The result should hold only the lines from the one with "a kitchen with" through the final line of the data below, transcribed exactly, pictures left out.

Input data:
# # # #

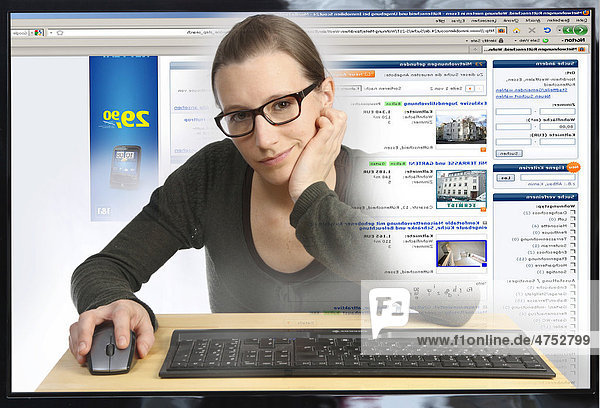 Junge Frau am Computer  surft im Internet  auf ImmobilienScout24.de  Blick aus dem Computer  Symbolbild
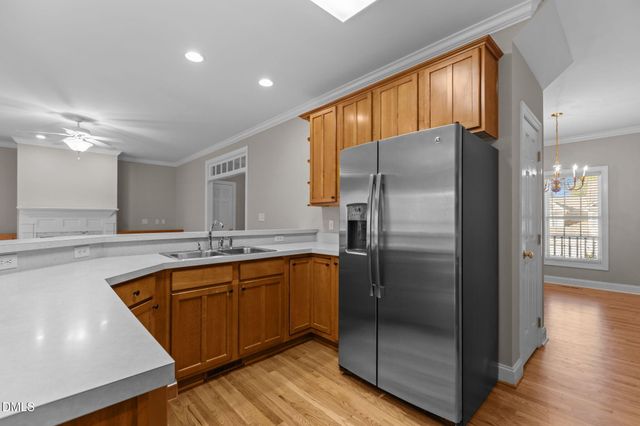 a kitchen with granite countertop wooden cabinets and a stove top oven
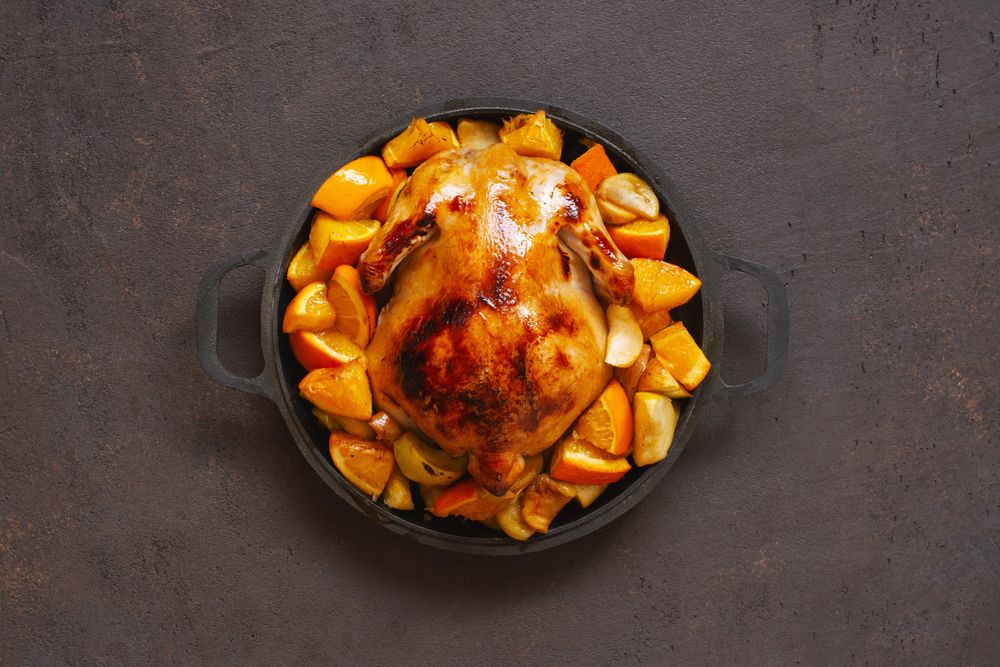 Chicken pot cooked with oranges on dark brown table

# # # #

Solution to this problem:
 a kitchen with granite countertop wooden cabinets and a stove top oven
 Chicken pot cooked with oranges on dark brown table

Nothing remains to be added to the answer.